■ Exercise material ■

.....

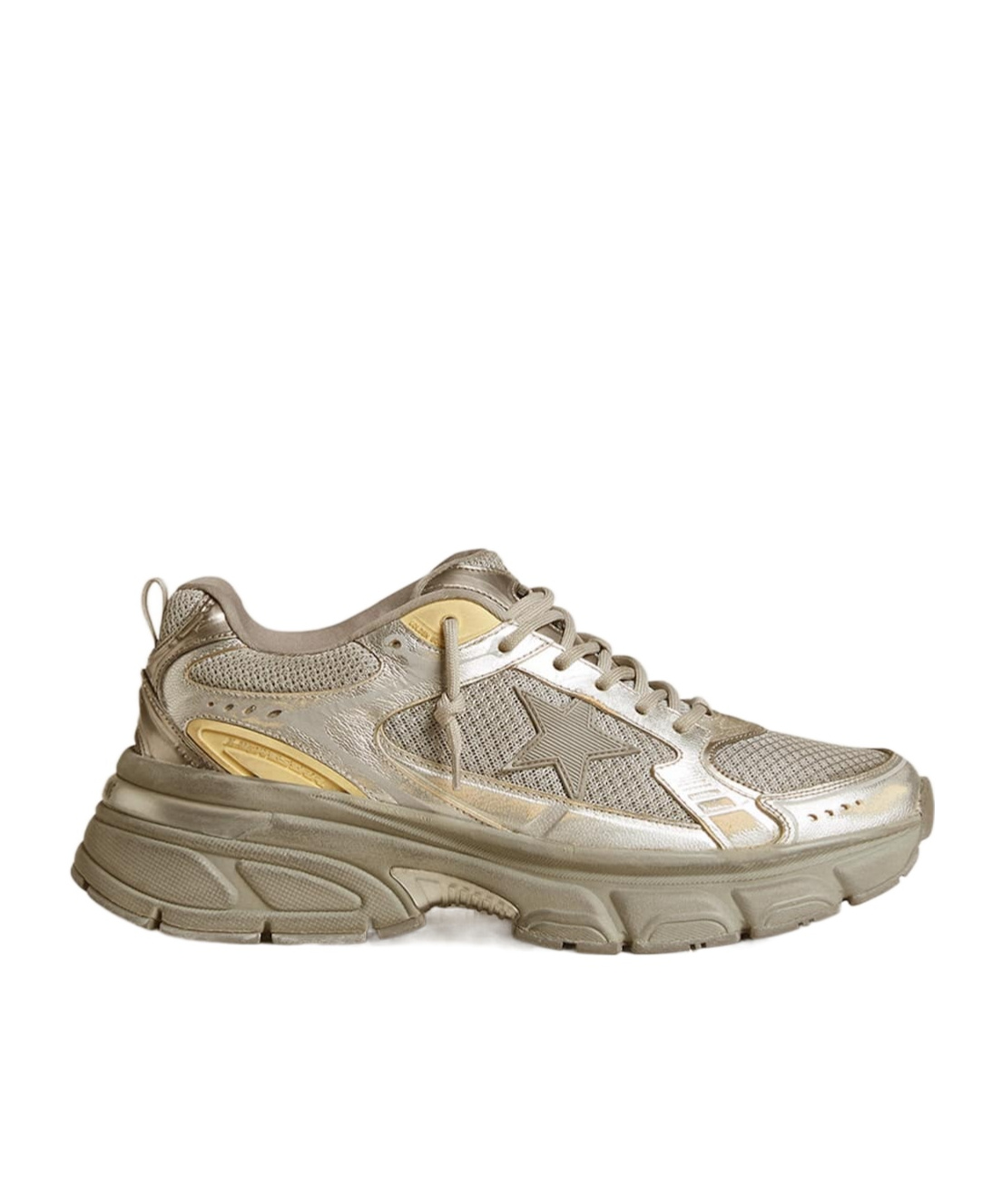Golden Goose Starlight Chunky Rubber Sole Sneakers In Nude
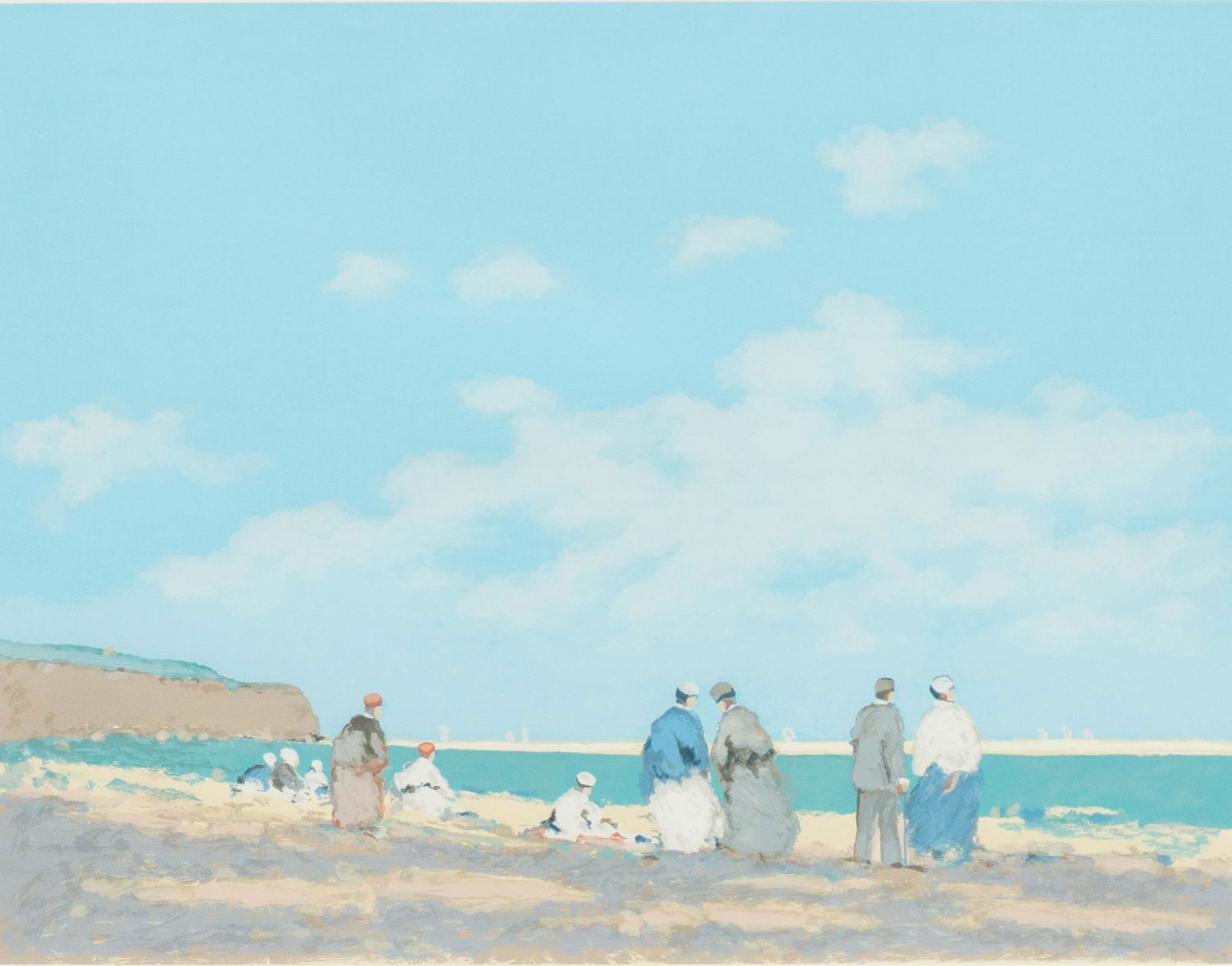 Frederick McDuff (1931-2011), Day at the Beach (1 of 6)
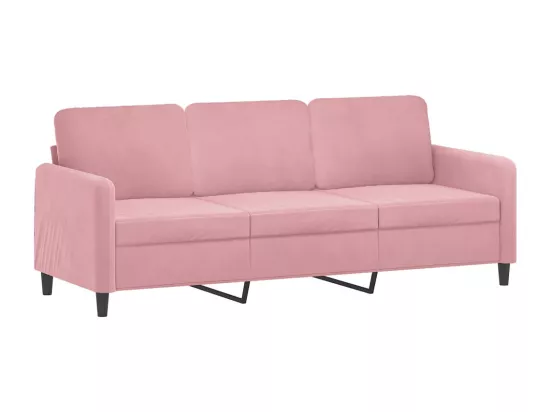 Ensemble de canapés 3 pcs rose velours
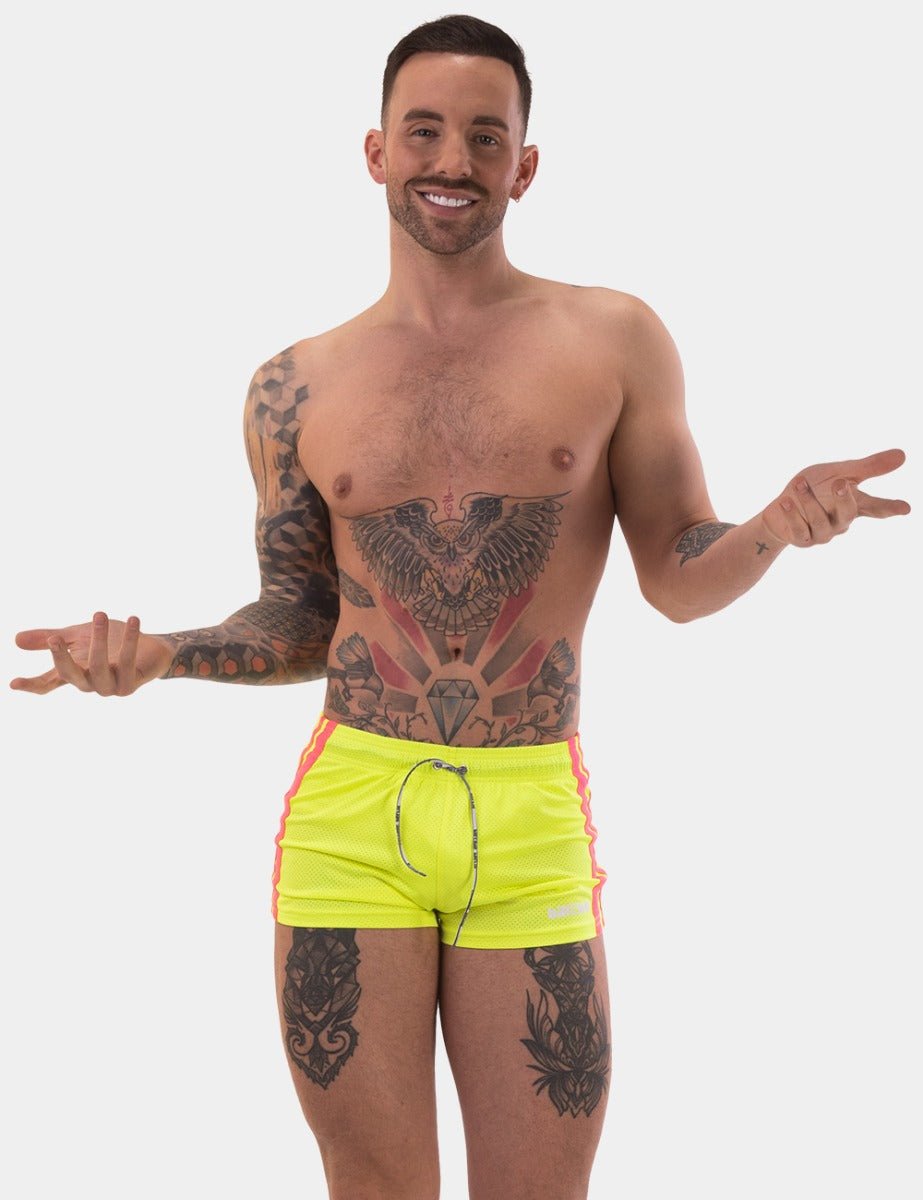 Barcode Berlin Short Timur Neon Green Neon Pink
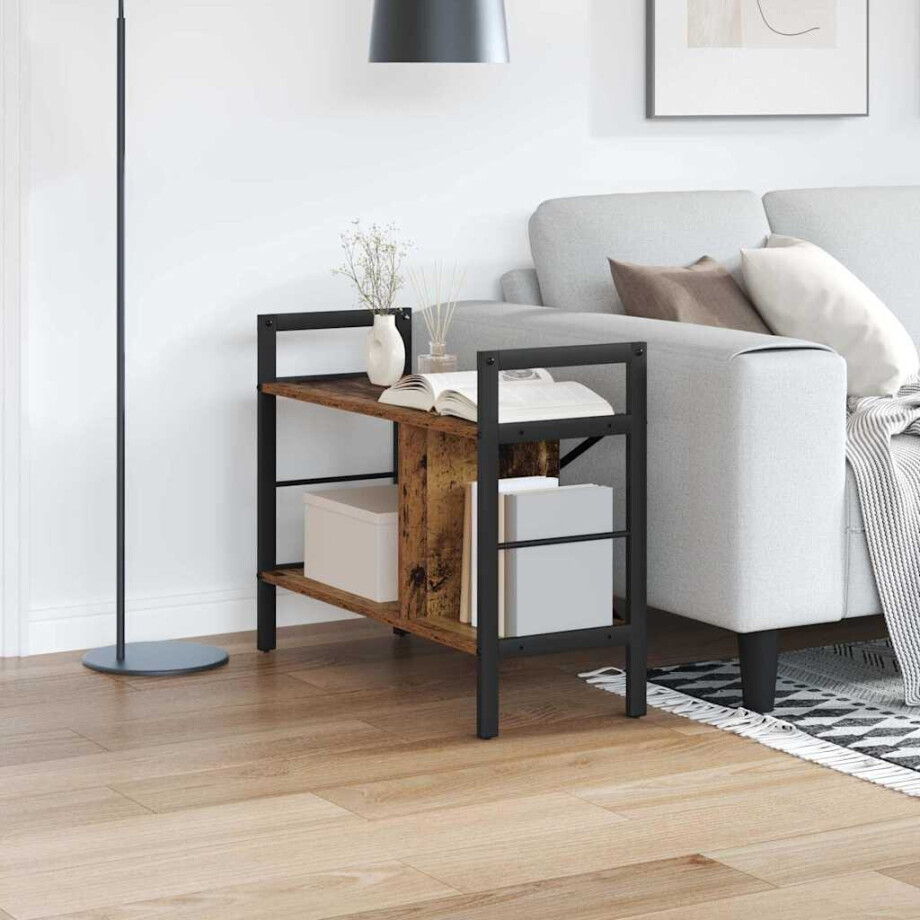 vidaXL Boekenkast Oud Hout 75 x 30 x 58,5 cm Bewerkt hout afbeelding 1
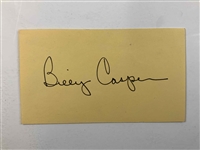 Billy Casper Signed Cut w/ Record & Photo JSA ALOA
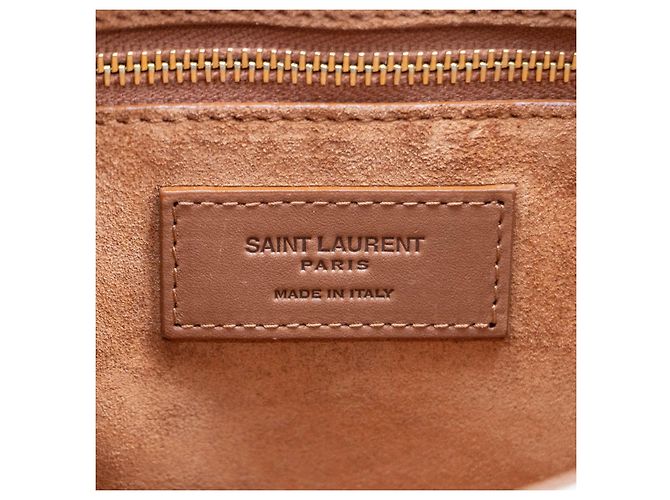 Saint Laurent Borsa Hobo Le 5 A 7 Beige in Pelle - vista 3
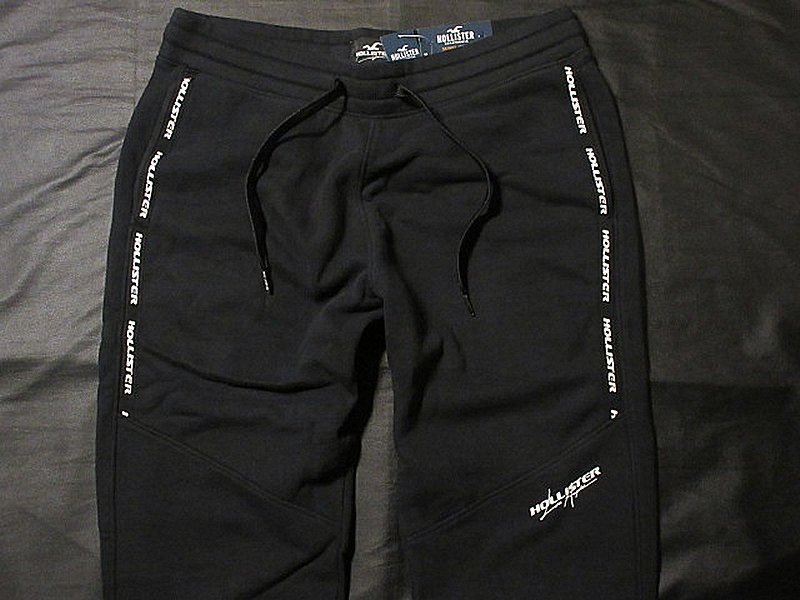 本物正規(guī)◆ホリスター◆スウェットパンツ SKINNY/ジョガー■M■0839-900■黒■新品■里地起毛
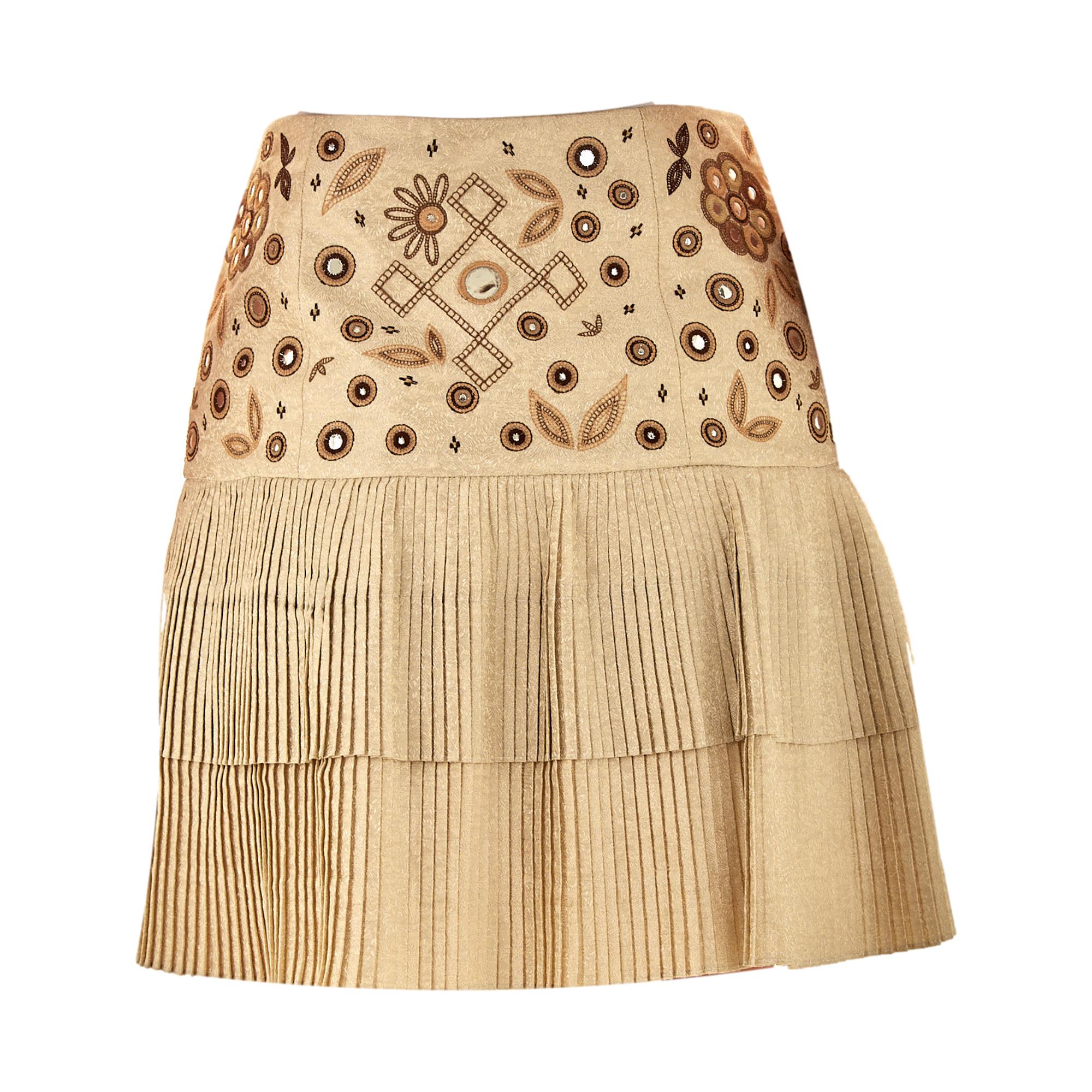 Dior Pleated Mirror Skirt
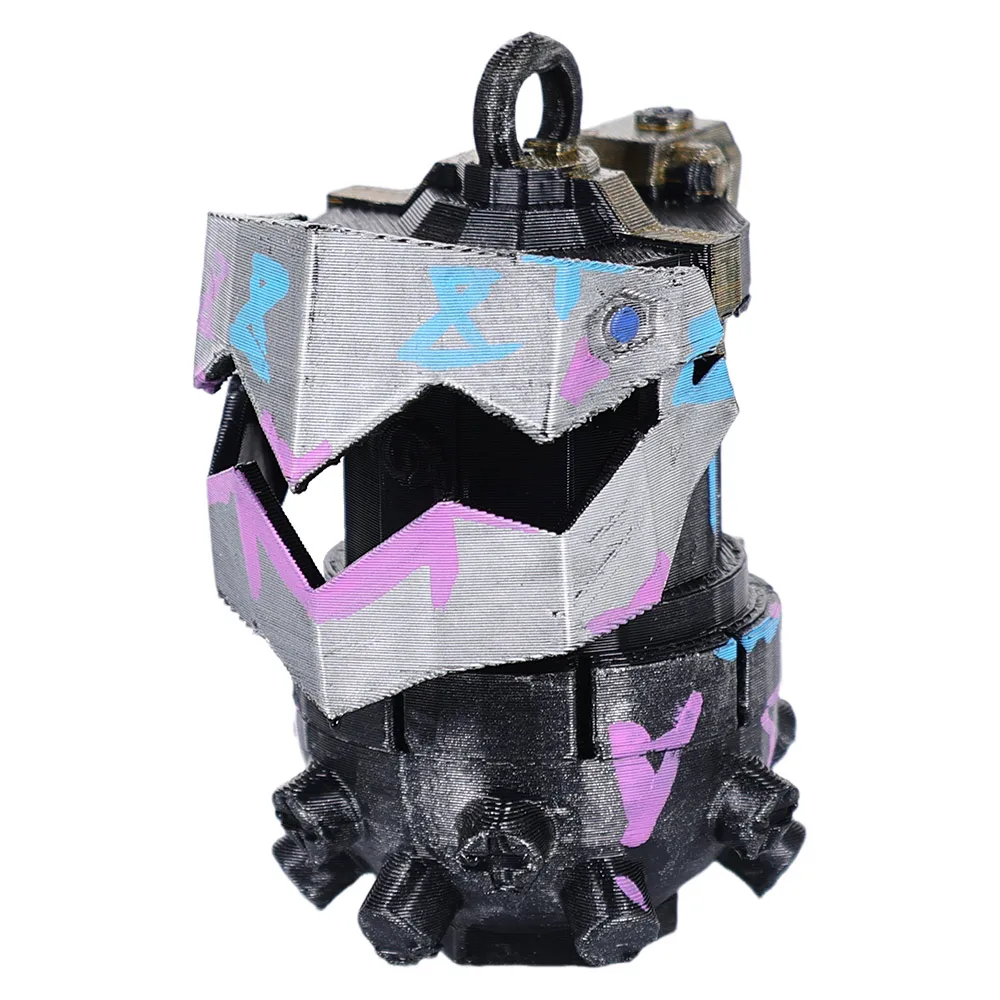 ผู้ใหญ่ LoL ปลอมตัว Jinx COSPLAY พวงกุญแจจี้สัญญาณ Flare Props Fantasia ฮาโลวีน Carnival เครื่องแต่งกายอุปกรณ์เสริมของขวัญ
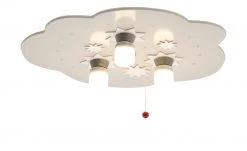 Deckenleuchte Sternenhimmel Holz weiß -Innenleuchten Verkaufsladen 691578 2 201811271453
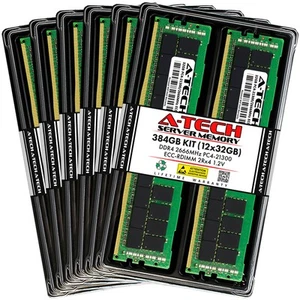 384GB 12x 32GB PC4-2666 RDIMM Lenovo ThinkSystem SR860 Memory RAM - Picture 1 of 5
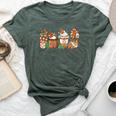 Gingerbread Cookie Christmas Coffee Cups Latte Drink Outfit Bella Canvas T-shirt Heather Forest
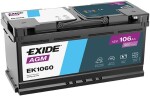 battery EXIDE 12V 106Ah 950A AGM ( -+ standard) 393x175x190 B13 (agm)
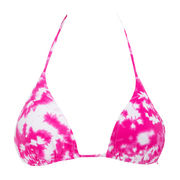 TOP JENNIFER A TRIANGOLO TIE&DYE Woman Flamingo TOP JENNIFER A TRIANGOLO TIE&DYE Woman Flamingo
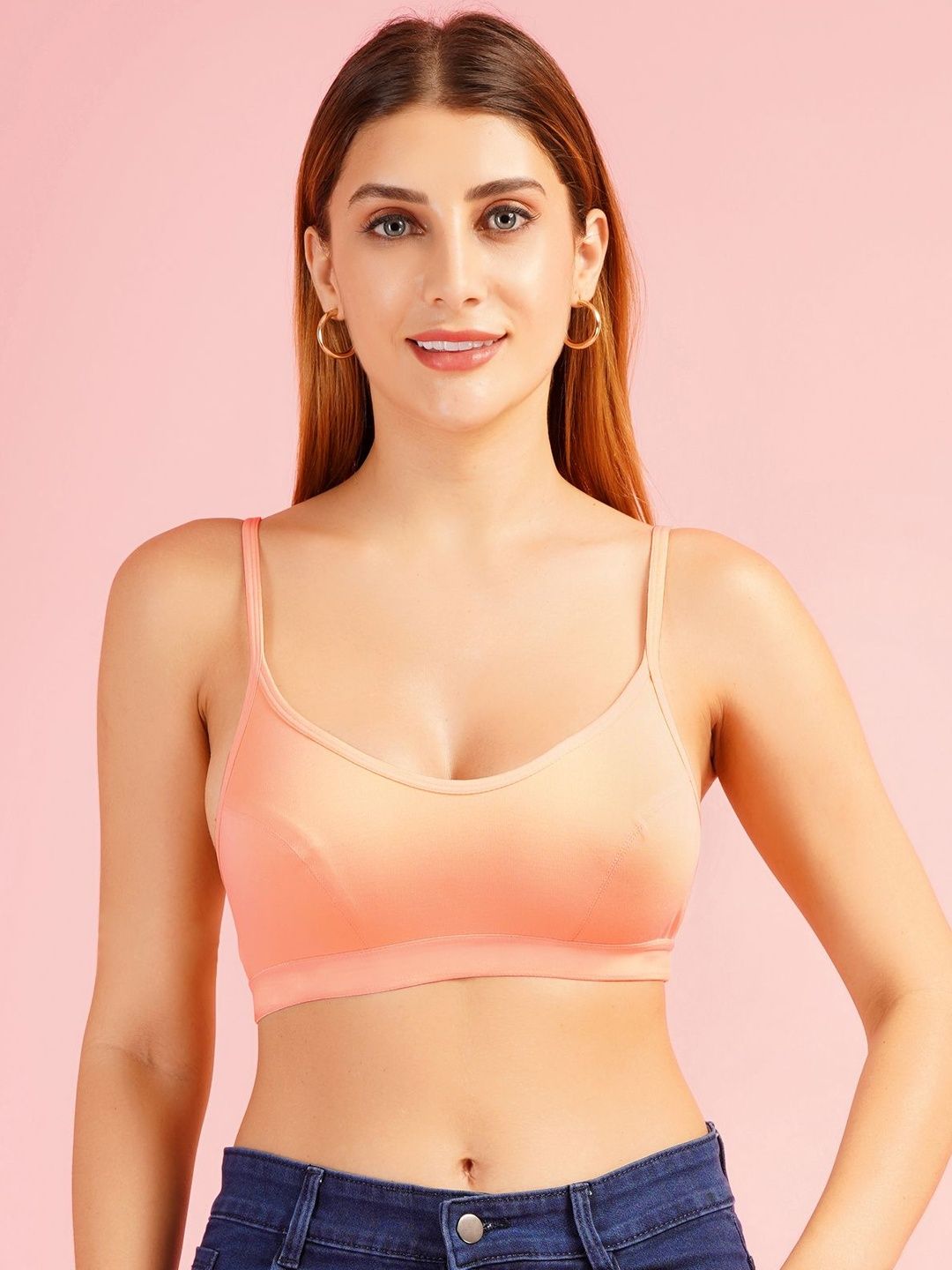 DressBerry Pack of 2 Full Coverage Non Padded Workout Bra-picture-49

.....

■ Exercise ■
Exact repetition of the data is needed, with no images retained.

■ Result ■
Golden Goose Starlight Chunky Rubber Sole Sneakers In Nude
 Frederick McDuff (1931-2011), Day at the Beach (1 of 6)
 Ensemble de canapés 3 pcs rose velours
 Barcode Berlin Short Timur Neon Green Neon Pink
 vidaXL Boekenkast Oud Hout 75 x 30 x 58,5 cm Bewerkt hout afbeelding 1
 Billy Casper Signed Cut w/ Record & Photo JSA ALOA
 Saint Laurent Borsa Hobo Le 5 A 7 Beige in Pelle - vista 3
 本物正規(guī)◆ホリスター◆スウェットパンツ SKINNY/ジョガー■M■0839-900■黒■新品■里地起毛
 Dior Pleated Mirror Skirt
 ผู้ใหญ่ LoL ปลอมตัว Jinx COSPLAY พวงกุญแจจี้สัญญาณ Flare Props Fantasia ฮาโลวีน Carnival เครื่องแต่งกายอุปกรณ์เสริมของขวัญ
 Deckenleuchte Sternenhimmel Holz weiß -Innenleuchten Verkaufsladen 691578 2 201811271453
 384GB 12x 32GB PC4-2666 RDIMM Lenovo ThinkSystem SR860 Memory RAM - Picture 1 of 5
 Gingerbread Cookie Christmas Coffee Cups Latte Drink Outfit Bella Canvas T-shirt Heather Forest
 battery EXIDE 12V 106Ah 950A AGM ( -+ standard) 393x175x190 B13 (agm)
 TOP JENNIFER A TRIANGOLO TIE&DYE Woman Flamingo TOP JENNIFER A TRIANGOLO TIE&DYE Woman Flamingo
 DressBerry Pack of 2 Full Coverage Non Padded Workout Bra-picture-49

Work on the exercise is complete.